Quais foram alguns dos personagens mais marcantes na história da cidade?
Cronologicamente, um dos primeiros personagens foi João Ramalho, um náufrago de origem não sabida que formou em torno dele um bando de índios que foram se multiplicando por laços familiares, em um fenômeno que o Darcy Ribeiro chamou de cunhadismo, quando você começa a trazer os irmãos da mulher com quem casou para o seu lado. Assim, Ramalho foi formando exércitos de luta, um bando capaz de enfrentar outros bandos, e um exército de mão de obra também. Essa figura está na origem do bandeirantismo, apesar de ele não se aventurar além do planalto paulista. É uma figura da mistura do português com o índio. Isso está na origem de São Paulo. Outra figura que me causa assombro é o Padre Manuel da Nóbrega, o jesuíta. O Manuel da Nóbrega tinha a maior das ambições que podem assaltar a mente de uma pessoa, fundar uma sociedade nova. Ele veio de Portugal como chefe da comitiva jesuíta, e tinha como projeto criar nas populações americanas, que ele via como almas livres dos vícios e da corrupção, espécies de folhas limpas onde ele escreveria o verdadeiro “ser cristão”. Era um projeto que se conjugava ao projeto português, e Nóbrega se entusiasmava com aquilo. Quem acompanha isso pelas cartas jesuítas dele percebe que é uma alma hamletiana. Esses são só dois, mas há muitos personagens.

 

São Paulo é uma das maiores cidades do mundo. É comum que aconteçam momentos de fadiga em meio a esse crescimento ininterrupto?
Escrevendo meus livros, me dei conta de que a cidade é a maior invenção da humanidade. Uma cidade é um lugar de troca, de convívio. Essa maneira de viver junto foi o que proporcionou o homo sapiens que somos hoje.

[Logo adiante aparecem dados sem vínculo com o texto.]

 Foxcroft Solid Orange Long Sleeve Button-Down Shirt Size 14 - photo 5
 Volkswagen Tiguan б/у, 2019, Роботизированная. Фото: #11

Se não houvesse a cidade, seríamos diferentes, a meu ver com uma população reduzida e um intelecto menos desenvolvido. Sobre a fadiga, acho que São Paulo ultrapassou os limites de uma cidade que você possa dominar. Você não domina uma cidade desse tamanho, você conhece um terço dela, no máximo.

 

Na Segunda Guerra, por exemplo, houve um momento vertiginoso parecido?
Chamei o meu segundo livro, que abrange o período de 1900 a 1950, de A Capital da Vertigem, porque há uma vertigem em vários sentidos. Há o crescimento vertiginoso da cidade, com o crescimento industrial; uma vertigem artística, com a Semana de Arte Moderna, o Masp [Museu de Arte Moderna], o TBC [Teatro Brasileiro de Comédia]; e uma vertigem das mentalidades, de as pessoas acharem que estão no lugar certo na hora certa. Digo isso no sentido de que, na primeira metade do século 20, a indústria, a chaminé, a eletricidade, o automóvel, o motor, tudo isso era muito novo e muito fascinante. O mundo se encontrava em uma passagem para um estágio superior de progresso e o melhor lugar que espelhava isso no Brasil era São Paulo.